##### Material provided #####

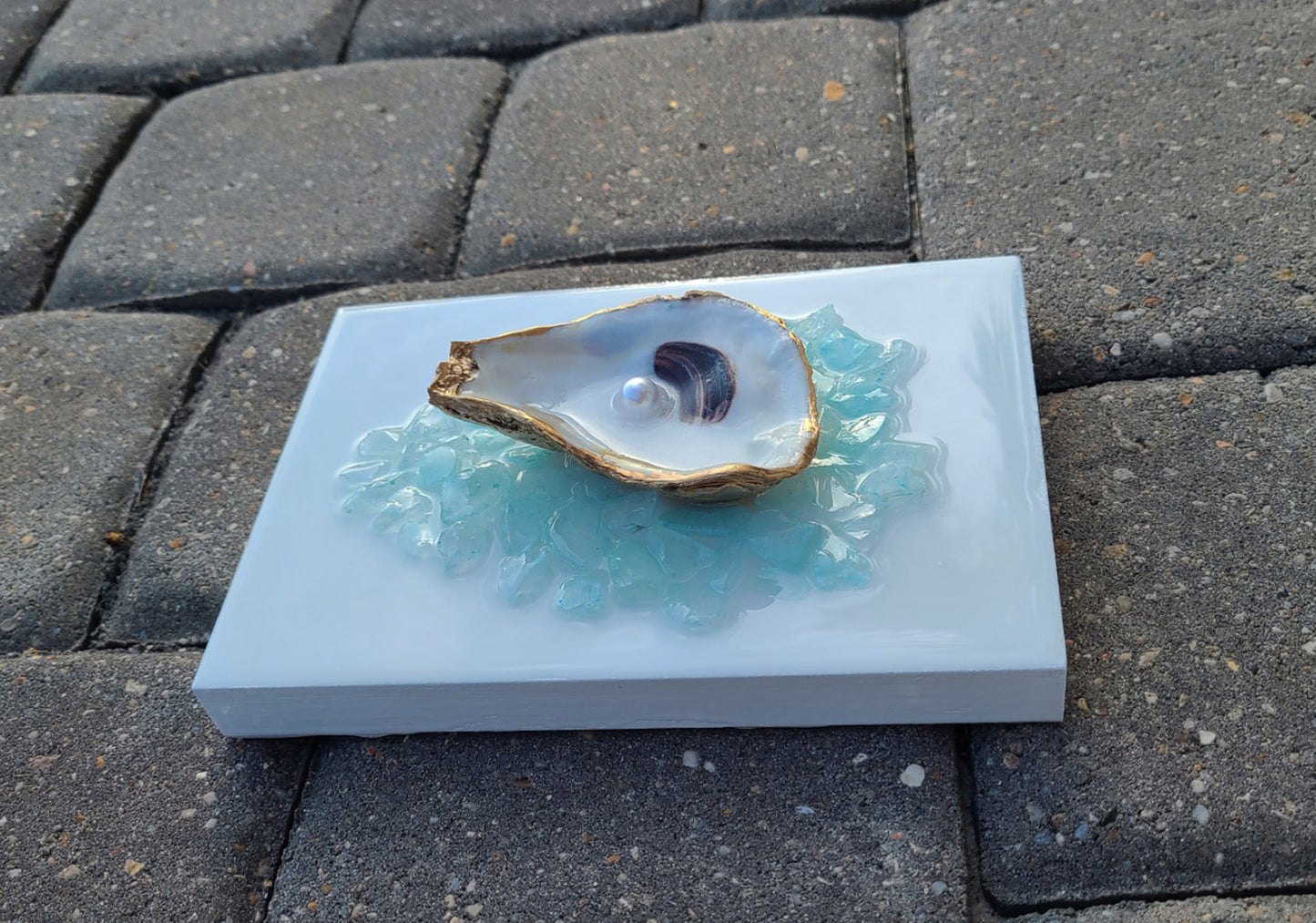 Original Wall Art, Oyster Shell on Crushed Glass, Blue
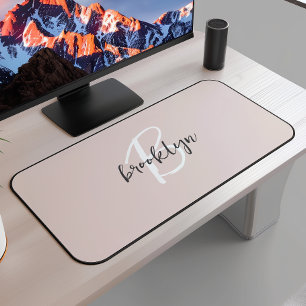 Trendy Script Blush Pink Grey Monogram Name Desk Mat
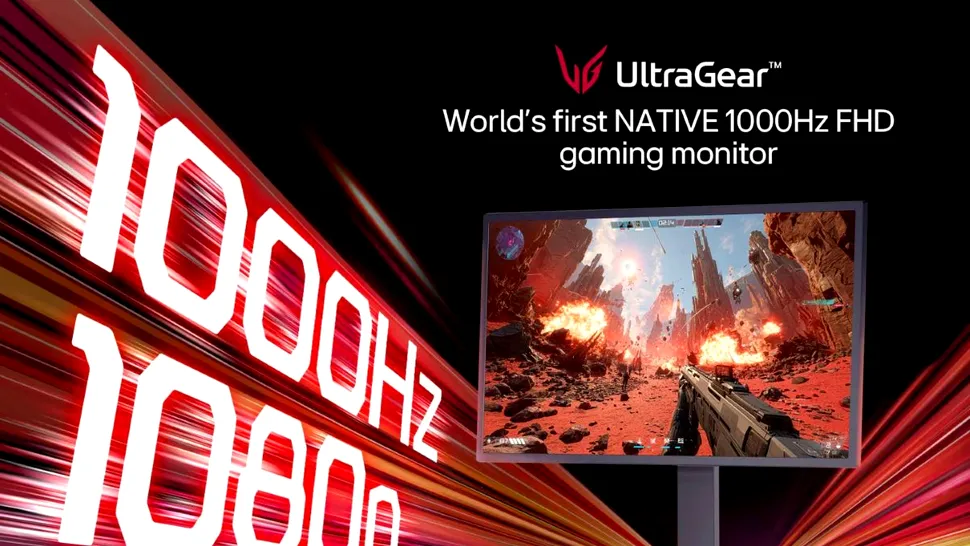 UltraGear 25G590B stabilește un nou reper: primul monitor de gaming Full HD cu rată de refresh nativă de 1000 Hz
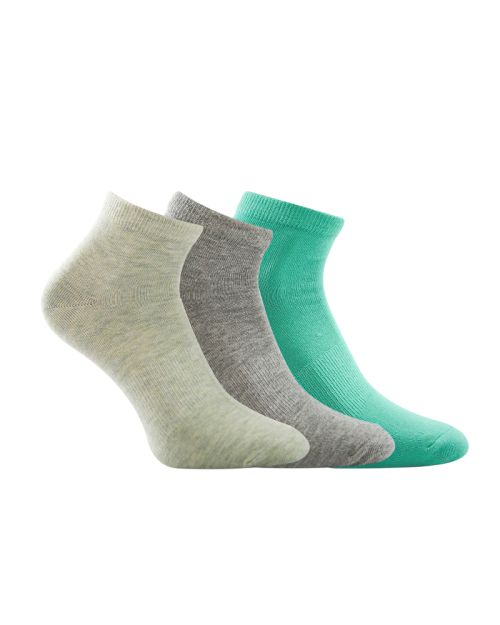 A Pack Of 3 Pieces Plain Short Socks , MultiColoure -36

#####
##### Material provided #####

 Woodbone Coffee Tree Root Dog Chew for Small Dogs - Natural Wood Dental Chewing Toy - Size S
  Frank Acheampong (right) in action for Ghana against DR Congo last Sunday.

#####

• [Work to be completed]: What's needed is an exact copy of the records above from the line containing "Trendy Script Blush" down to the line containing "A Pack Of 3", both included, without any pictures.

• [Result of this exercise]:
 Trendy Script Blush Pink Grey Monogram Name Desk Mat
 UltraGear 25G590B stabilește un nou reper: primul monitor de gaming Full HD cu rată de refresh nativă de 1000 Hz
 A Pack Of 3 Pieces Plain Short Socks , MultiColoure -36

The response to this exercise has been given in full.